TO DO
From the listing below, output the lines between the one with "Nagelset: Press On" and the one with "71192524-MGV-CV-36X24-Submerged Surf Wall", including those two, and nothing else. Pictures are not copied.

PROVIDED DATA
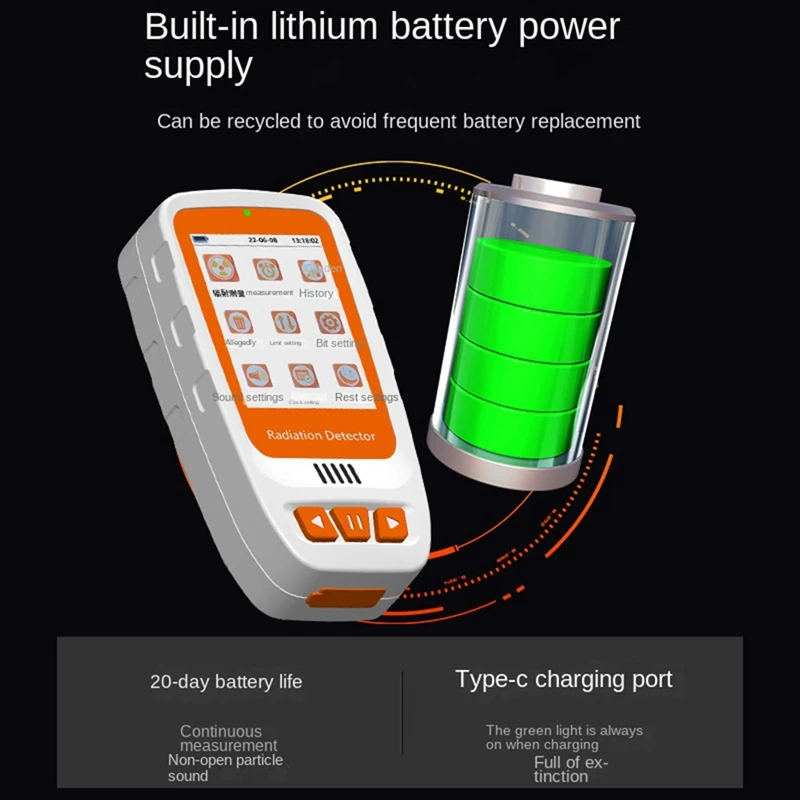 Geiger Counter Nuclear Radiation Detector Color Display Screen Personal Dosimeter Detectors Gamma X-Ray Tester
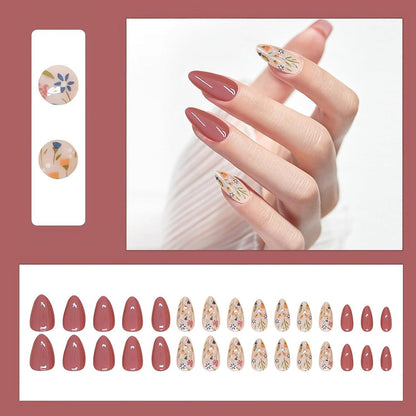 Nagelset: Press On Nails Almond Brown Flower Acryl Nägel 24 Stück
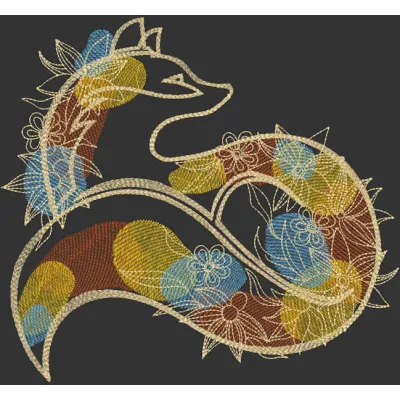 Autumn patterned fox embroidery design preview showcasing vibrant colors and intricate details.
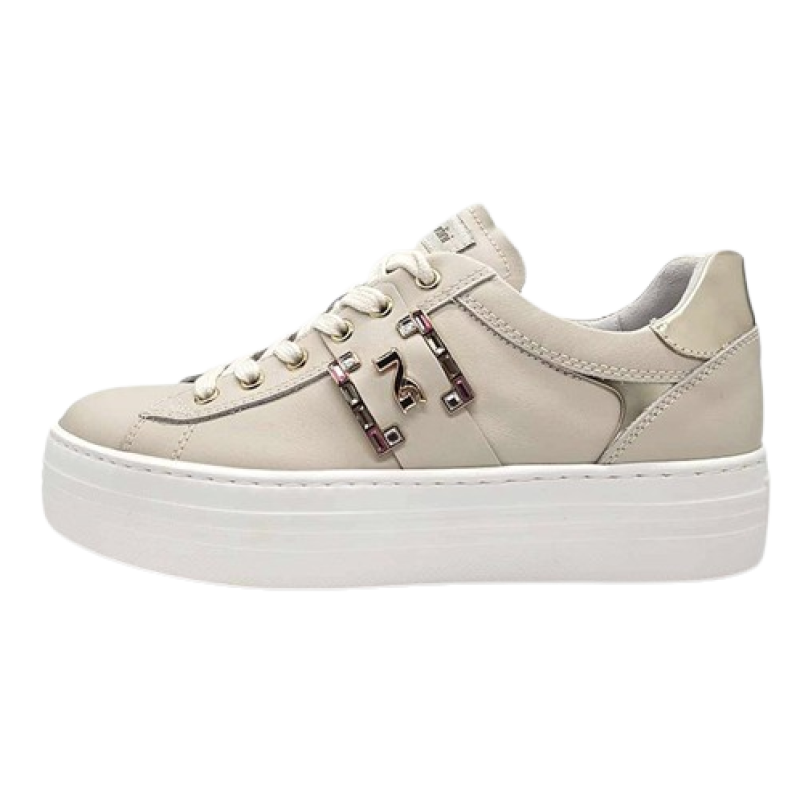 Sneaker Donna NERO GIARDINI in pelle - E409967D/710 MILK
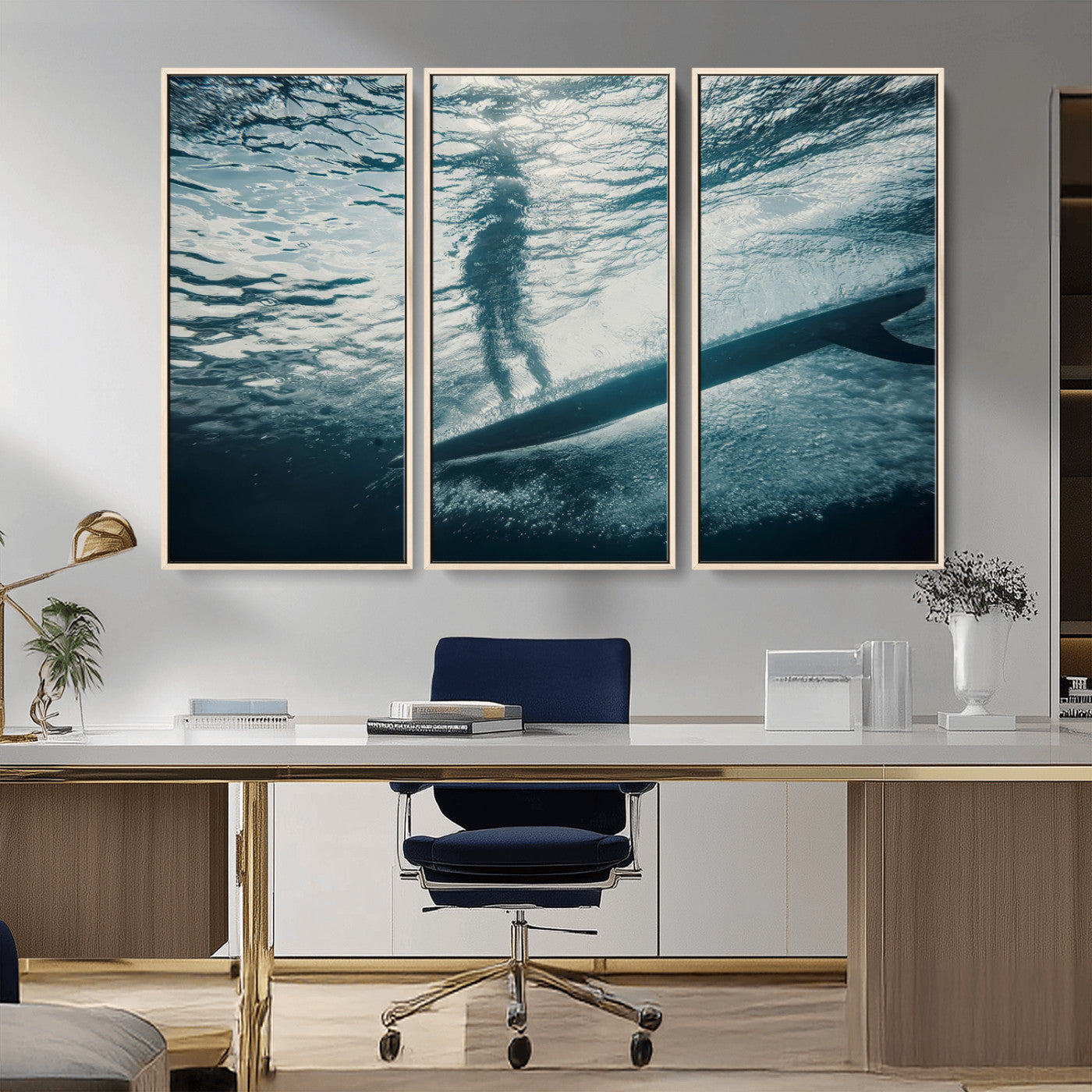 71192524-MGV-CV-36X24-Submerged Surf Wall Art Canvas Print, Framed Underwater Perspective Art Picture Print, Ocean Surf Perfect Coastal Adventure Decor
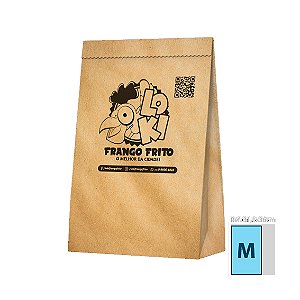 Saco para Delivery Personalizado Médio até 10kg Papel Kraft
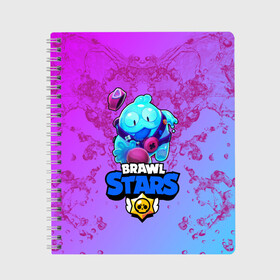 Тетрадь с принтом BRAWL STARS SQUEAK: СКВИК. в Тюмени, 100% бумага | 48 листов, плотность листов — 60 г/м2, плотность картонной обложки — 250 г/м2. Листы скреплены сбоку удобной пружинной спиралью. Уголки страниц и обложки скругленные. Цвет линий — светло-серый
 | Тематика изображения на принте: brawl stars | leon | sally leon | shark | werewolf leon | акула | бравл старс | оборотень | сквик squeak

SOLUTION BELOW
 Nagelset: Press On Nails Almond Brown Flower Acryl Nägel 24 Stück
 Autumn patterned fox embroidery design preview showcasing vibrant colors and intricate details.
 Sneaker Donna NERO GIARDINI in pelle - E409967D/710 MILK
 71192524-MGV-CV-36X24-Submerged Surf Wall Art Canvas Print, Framed Underwater Perspective Art Picture Print, Ocean Surf Perfect Coastal Adventure Decor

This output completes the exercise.